И вот что удивительно: в современный театр приходит (но это очень дорого и сложно) техника с кибернетикой, запоминающими машинами и прочим, а ошибки и накладки остались все те же, только исправляют их другим способом. И я не выдержал всего этого. Я ушел в живопись. В живопись, где запретил себе думать о времени, где можно часами, днями сидеть над исполнением маленького кусочка живописи, где ты (а не режиссер) передвигаешь фигуры людей, где “пьесу” своей картины сочинил ты сам и вправе ее переписывать. Тебе некому жаловаться на плохо нарисованную руку, кроме себя, бархат на платье героини будет всегда тот, что тебе нужен, свет будет падать точно туда, куда надо, и Николай Иванович его не передвинет, и я не узнаю, что роль девушки в бархатном платье вымарана из спектакля, и я не услышу по театральному радио: “Александр Павлович, вас просят в дирекцию”, и я не услышу от директора: “Дорогой Александр Павлович, бросайте все и срочно принимаетесь за пьесу H.H., а не М.М” и прочее в этом роде!!!

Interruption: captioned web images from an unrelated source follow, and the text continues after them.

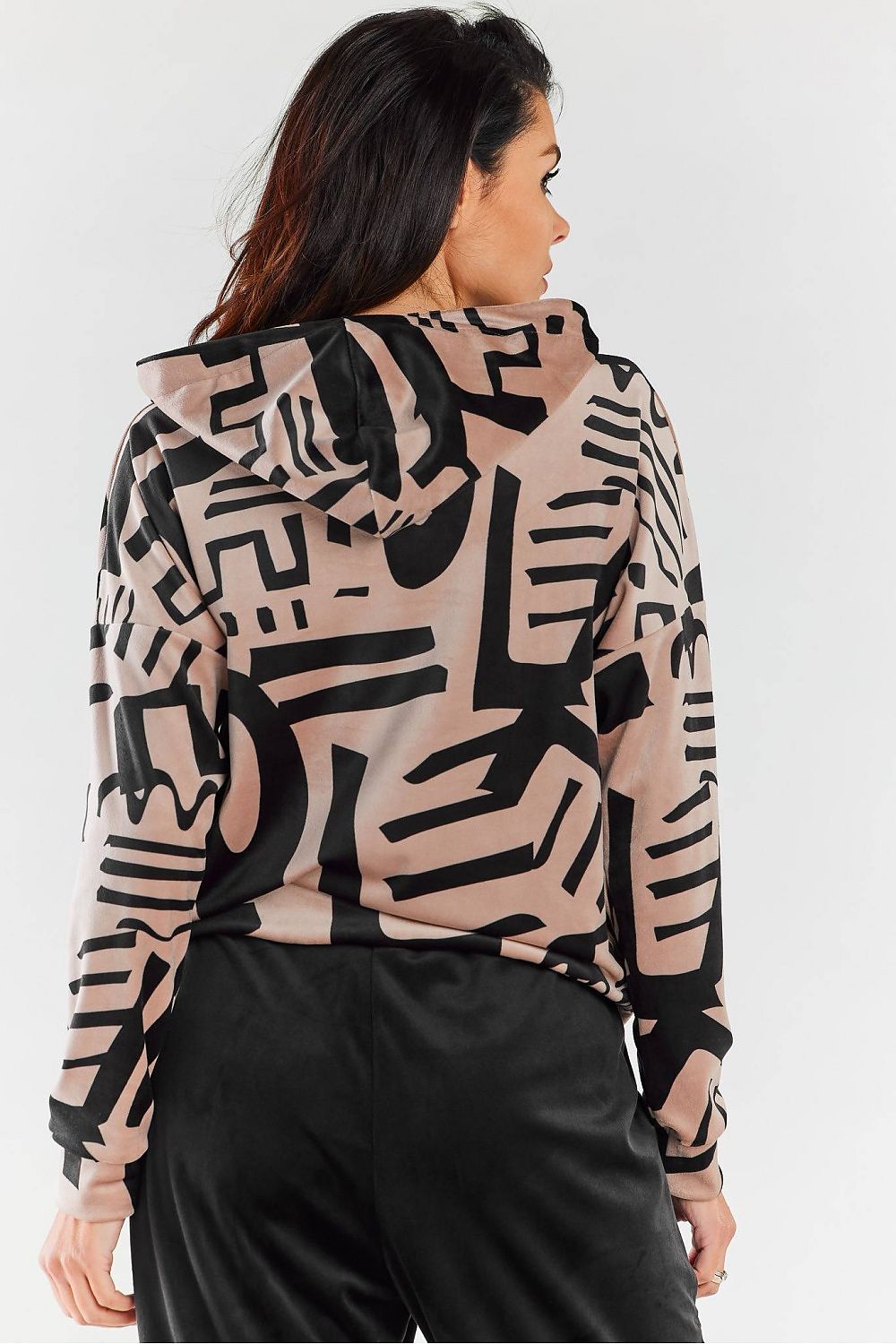 Sweater model 176845 awama 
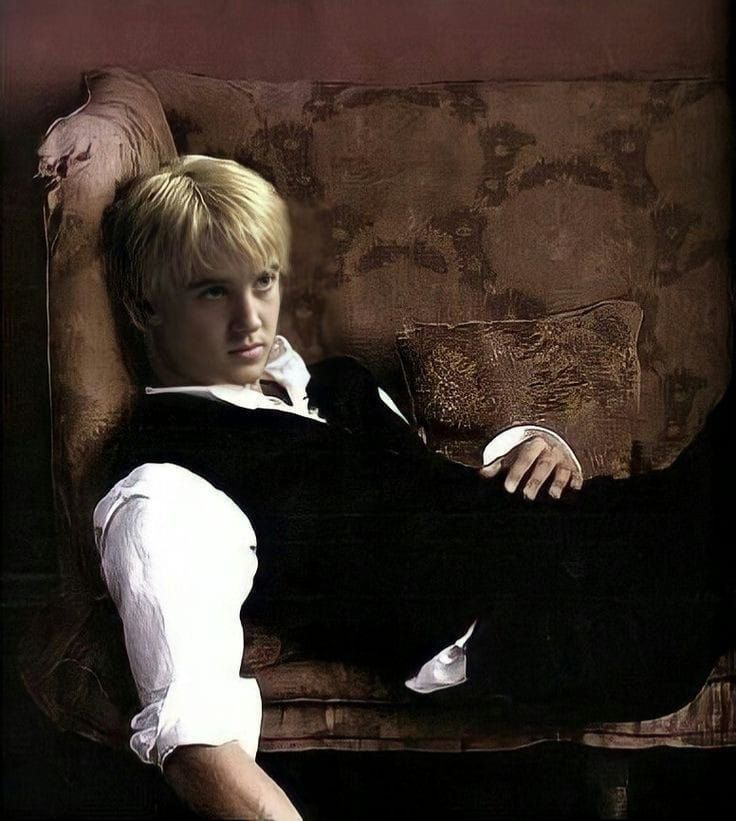 Avatar of Draco Malfoy
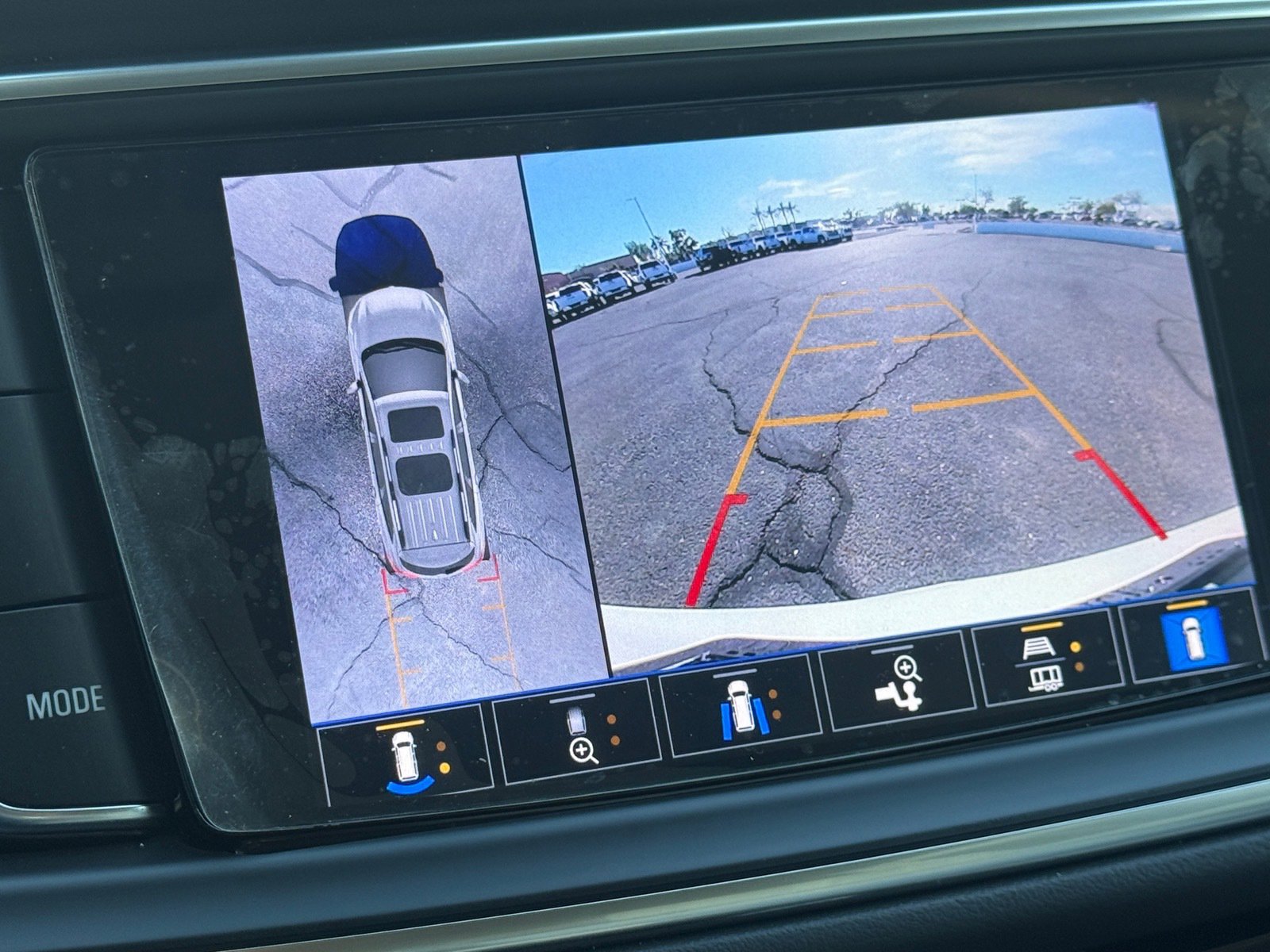 Used 2024 Buick Enclave Avenir w/ Trailering Package, 5000 lbs. image 21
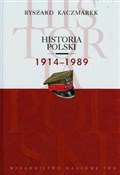 Historia P... - Ryszard Kaczmarek -  polnische Bücher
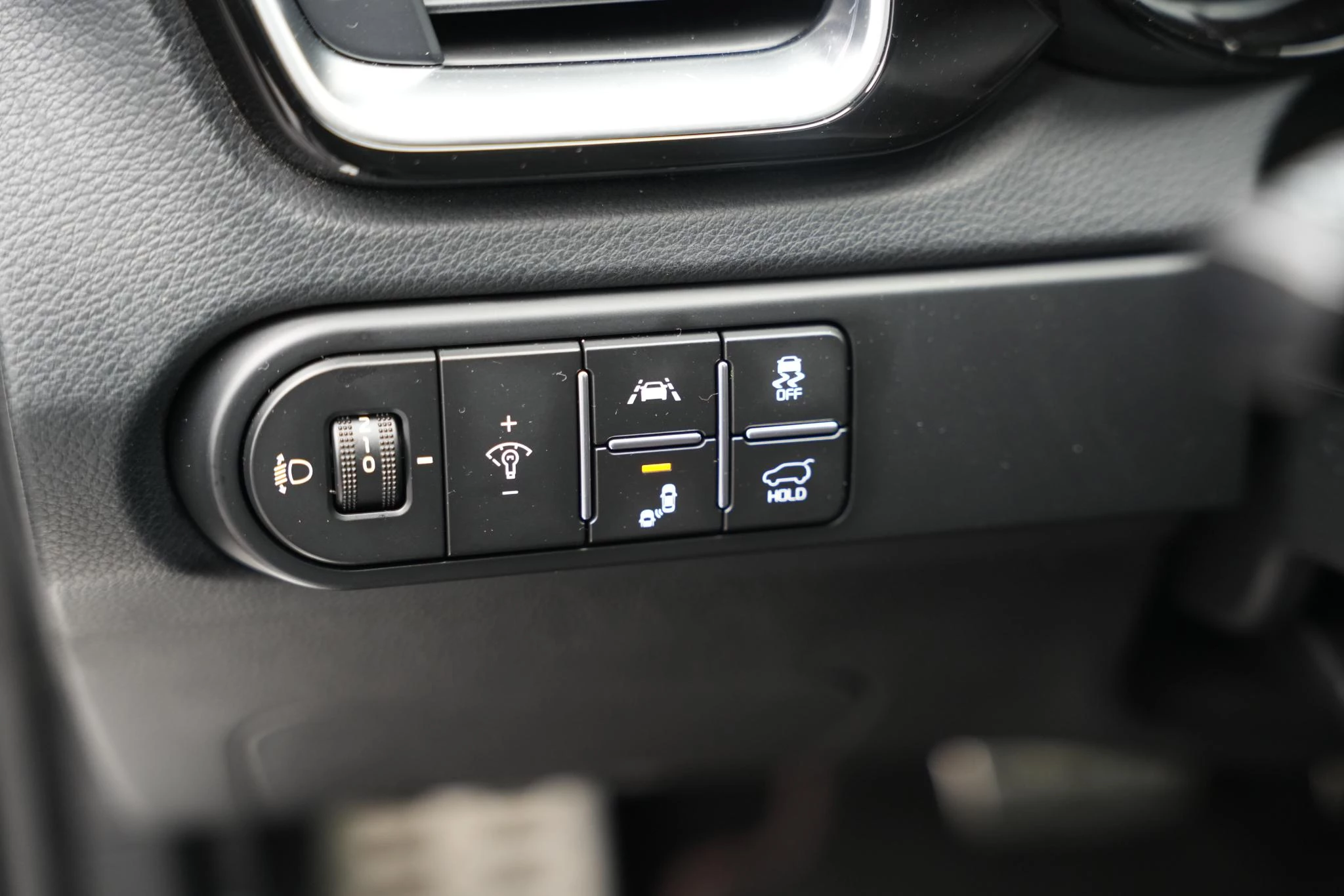 Hoofdafbeelding Kia ProCeed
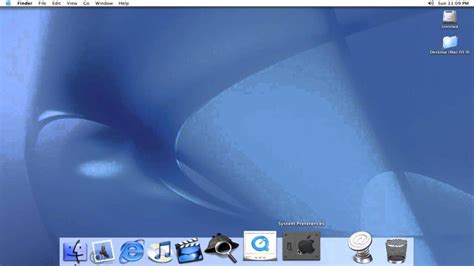 Download Mac Os X 101 Puma Iso Installer For Free Isoriver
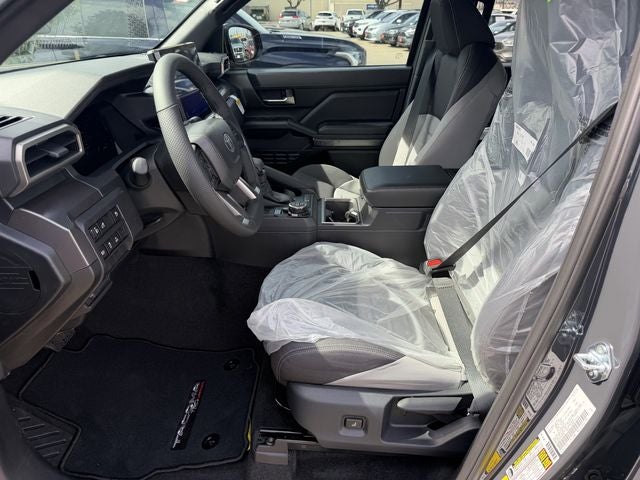 2026 Toyota Tacoma i-FORCE MAX TRD Off-Road i-FORCE MAX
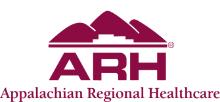 Appalachian Regional Healthcare logo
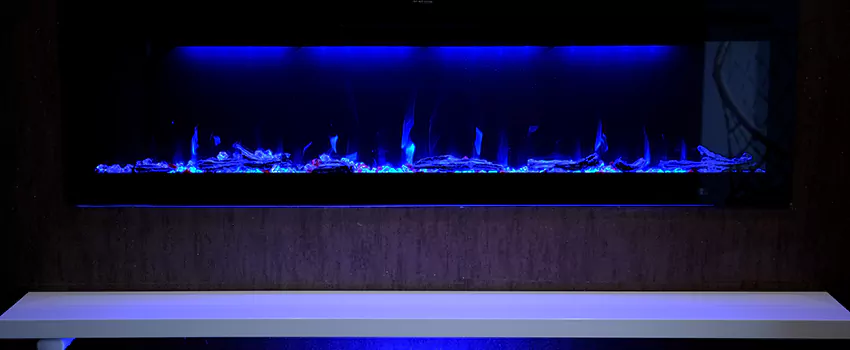 Benefits of Multi-Color Fireplace Installation in Springboro, OH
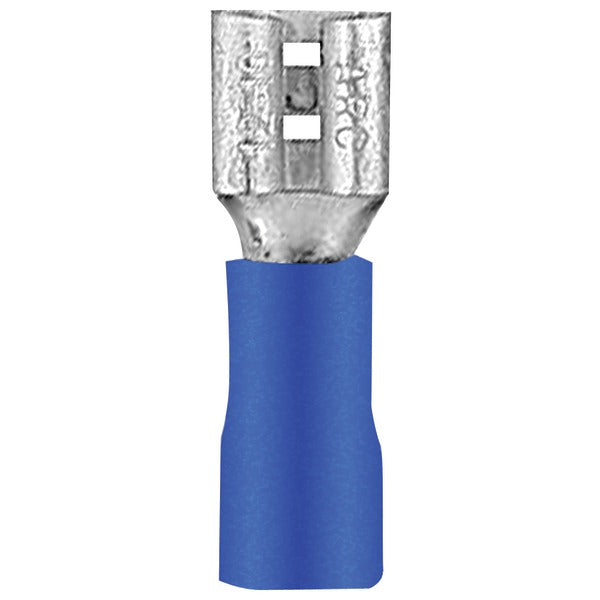 Connecting Terminals 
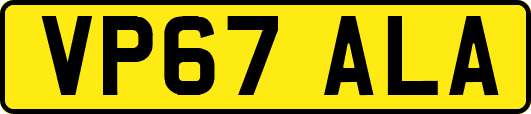 VP67ALA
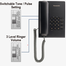 Panasonic KX-TS500MX Telephone Set image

И все жe! Я никогда не изменял своей любви к театру.
Театр без всякого преувеличения – университет культуры для каждого, кто с ним связан. Ты живешь где-нибудь в Чите или Самарe, а театр берет пьесу из французской жизни Средних веков, и ты мчишься в библиотеку, листаешь ворох книг и альбомов. Русская девочка конца XX века из театрального института – и вдруг у нее пластика и манеры, характер и страсти знатной благородной испанки. Она же завтра на эти же подмостки, приехав в метро с другого конца города, выпархивает с кокетливым веером французского салона. И еще через пару дней она жe, в ватнике и с автоматом, пойдет на бой и муки за свою землю… Это ли не чудо? Это ли не таинство великой игры человеческой жизни?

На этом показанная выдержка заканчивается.